💣 fix: Harden against falsified ZIP metadata in ODT parsing (#12320)

* security: replace JSZip metadata guard with yauzl streaming decompression The ODT decompressed-size guard was checking JSZip's private _data.uncompressedSize fields, which are populated from the ZIP central directory — attacker-controlled metadata. A crafted ODT with falsified uncompressedSize values bypassed the 50MB cap entirely, allowing content.xml decompression to exhaust Node.js heap memory (DoS). Replace JSZip with yauzl for ODT extraction. The new extractOdtContentXml function uses yauzl's streaming API: it lazily iterates ZIP entries, opens a decompression stream for content.xml, and counts real bytes as they arrive from the inflate stream. The stream is destroyed the moment the byte count crosses ODT_MAX_DECOMPRESSED_SIZE, aborting the inflate before the full payload is materialised in memory. - Remove jszip from direct dependencies (still transitive via mammoth) - Add yauzl + @types/yauzl - Update zip-bomb test to verify streaming abort with DEFLATE payload * fix: close file descriptor leaks and declare jszip test dependency - Use a shared `finish()` helper in extractOdtContentXml that calls zipfile.close() on every exit path (success, size cap, missing entry, openReadStream errors, zipfile errors). Without this, any error path leaked one OS file descriptor permanently — uploading many malformed ODTs could exhaust the process FD limit (a distinct DoS vector). - Add jszip to devDependencies so the zip-bomb test has an explicit dependency rather than relying on mammoth's transitive jszip. - Update JSDoc to document that all exit paths close the zipfile. * fix: move yauzl from dependencies to peerDependencies Matches the established pattern for runtime parser libraries in packages/api: mammoth, pdfjs-dist, and xlsx are all peerDependencies (provided by the consuming /api workspace) with devDependencies for testing. yauzl was incorrectly placed in dependencies. * fix: add yauzl to /api dependencies to satisfy peer dep packages/api declares yauzl as a peerDependency; /api is the consuming workspace that must provide it at runtime, matching the pattern used for mammoth, pdfjs-dist, and xlsx.

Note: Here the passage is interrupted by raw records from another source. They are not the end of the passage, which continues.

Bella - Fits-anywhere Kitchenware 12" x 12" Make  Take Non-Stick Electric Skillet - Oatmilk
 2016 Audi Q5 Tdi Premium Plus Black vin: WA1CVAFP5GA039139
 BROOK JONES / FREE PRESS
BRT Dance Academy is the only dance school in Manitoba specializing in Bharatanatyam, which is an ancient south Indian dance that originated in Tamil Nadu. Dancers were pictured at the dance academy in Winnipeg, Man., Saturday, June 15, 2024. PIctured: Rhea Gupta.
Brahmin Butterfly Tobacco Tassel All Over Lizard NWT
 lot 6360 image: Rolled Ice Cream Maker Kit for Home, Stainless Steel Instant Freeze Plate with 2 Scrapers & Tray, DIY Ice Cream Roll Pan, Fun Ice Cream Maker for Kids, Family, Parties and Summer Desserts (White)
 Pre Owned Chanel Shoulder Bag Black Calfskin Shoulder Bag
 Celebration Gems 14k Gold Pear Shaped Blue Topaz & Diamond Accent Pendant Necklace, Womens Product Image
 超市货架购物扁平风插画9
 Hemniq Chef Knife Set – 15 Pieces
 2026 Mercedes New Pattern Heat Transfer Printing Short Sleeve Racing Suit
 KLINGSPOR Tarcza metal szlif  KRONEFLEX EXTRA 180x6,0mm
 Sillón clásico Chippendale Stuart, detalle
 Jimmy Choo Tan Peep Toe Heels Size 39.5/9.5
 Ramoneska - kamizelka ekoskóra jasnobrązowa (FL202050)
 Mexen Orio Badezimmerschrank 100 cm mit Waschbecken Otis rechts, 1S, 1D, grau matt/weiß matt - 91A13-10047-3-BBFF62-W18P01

2026-03-22 15:46:33 +01:00 · 2026-03-19 22:13:40 -04:00 · 2026-03-19 22:13:40 -04:00 · e442984364
commit e442984364
parent ecd6d76bc8
5 changed files with 108 additions and 36 deletions
--- a/packages/api/src/files/documents/crud.spec.ts
+++ b/packages/api/src/files/documents/crud.spec.ts
@ -104,7 +104,7 @@ describe('Document Parser', () => {
    await expect(parseDocument({ file })).rejects.toThrow('No text found in document');
  });

-  test('parseDocument() throws for odt whose decompressed content exceeds the size limit', async () => {
+  test('parseDocument() aborts decompression when content.xml exceeds the size limit', async () => {
    const zip = new JSZip();
    zip.file('mimetype', 'application/vnd.oasis.opendocument.text', { compression: 'STORE' });
    zip.file('content.xml', 'x'.repeat(51 * 1024 * 1024), { compression: 'DEFLATE' });
@ -118,7 +118,7 @@ describe('Document Parser', () => {
        path: tmpPath,
        mimetype: 'application/vnd.oasis.opendocument.text',
      } as Express.Multer.File;
-      await expect(parseDocument({ file })).rejects.toThrow(/exceeds the 50MB limit/);
+      await expect(parseDocument({ file })).rejects.toThrow(/exceeds the 50MB decompressed limit/);
    } finally {
      await fs.promises.unlink(tmpPath);
    }
--- a/packages/api/src/files/documents/crud.ts
+++ b/packages/api/src/files/documents/crud.ts
@ -1,5 +1,5 @@
 import * as fs from 'fs';
-import JSZip from 'jszip';
+import yauzl from 'yauzl';
 import { megabyte, excelMimeTypes, FileSources } from 'librechat-data-provider';
 import type { TextItem } from 'pdfjs-dist/types/src/display/api';
 import type { MistralOCRUploadResult } from '~/types';
@ -124,28 +124,7 @@ async function excelSheetToText(file: Express.Multer.File): Promise<string> {
 * text boxes, and annotations are stripped without replacement.
 */
 async function odtToText(file: Express.Multer.File): Promise<string> {
-  const data = await fs.promises.readFile(file.path);
-  const zip = await JSZip.loadAsync(data);
-
-  let totalUncompressed = 0;
-  zip.forEach((_, entry) => {
-    const raw = entry as JSZip.JSZipObject & { _data?: { uncompressedSize?: number } };
-    // _data.uncompressedSize is populated from the ZIP central directory at parse time
-    // by jszip (private internal, jszip@3.x). If the field is absent the guard fails
-    // open (adds 0); this is an accepted limitation of the approach.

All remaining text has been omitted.